• _WORK ORDER_: The material below includes pictures; leave them out and return only the lines between the line containing "Thiểm Hôn Kiều Thê: Chapter 146" and the line containing "Balise Connectee Tile Mate Ob00720 Darty", inclusive, word for word.

• _DATA TO USE_:
:::
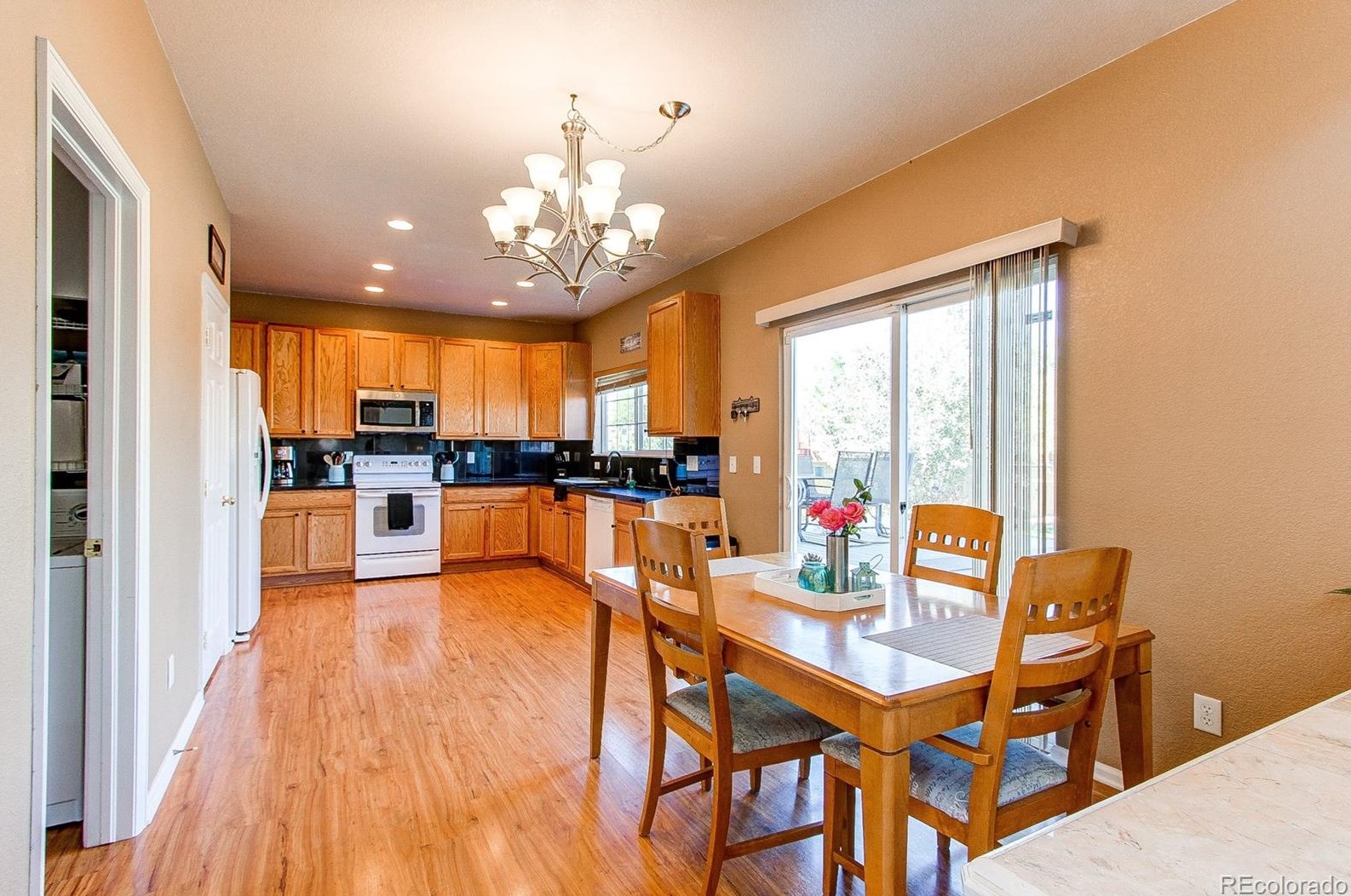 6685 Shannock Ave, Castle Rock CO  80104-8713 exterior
:::
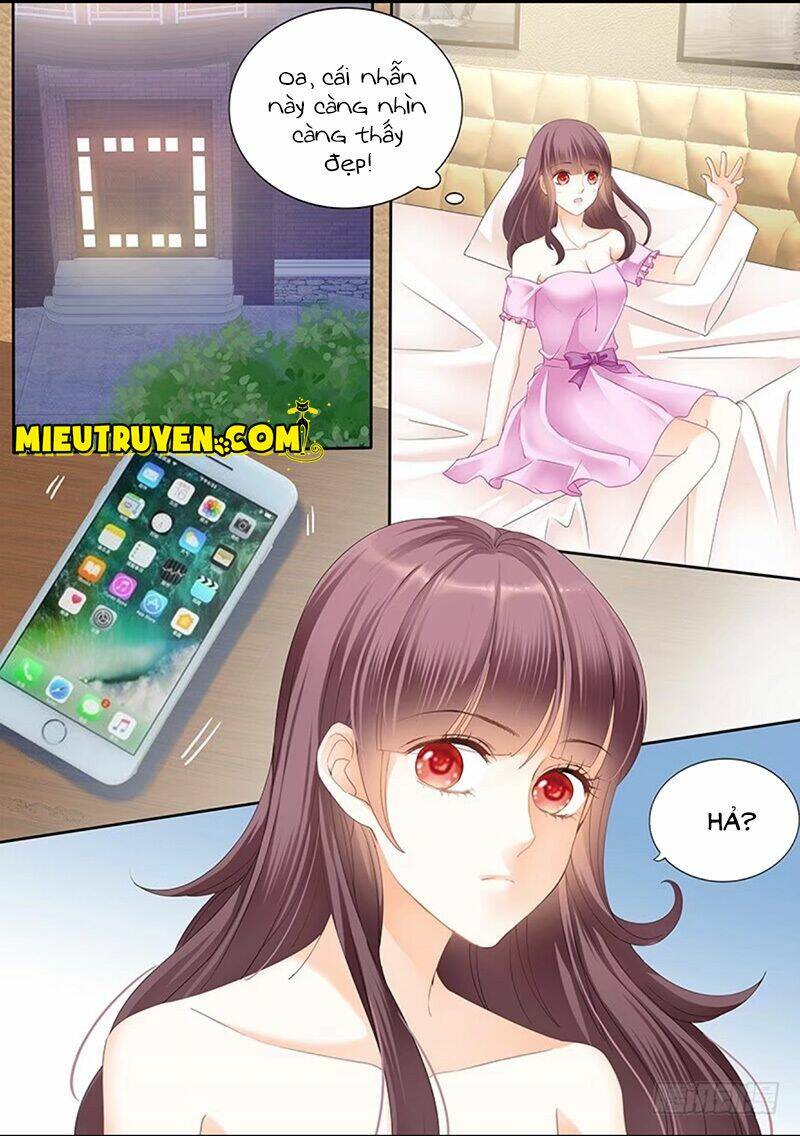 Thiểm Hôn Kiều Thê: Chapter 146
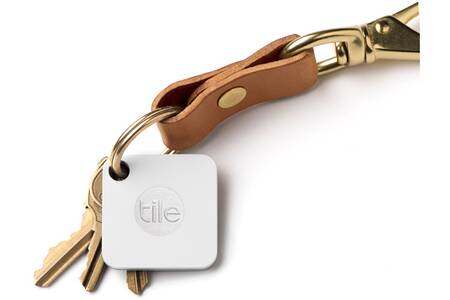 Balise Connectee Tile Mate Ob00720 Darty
:::
• _TASK RESPONSE_:
 Thiểm Hôn Kiều Thê: Chapter 146
 Balise Connectee Tile Mate Ob00720 Darty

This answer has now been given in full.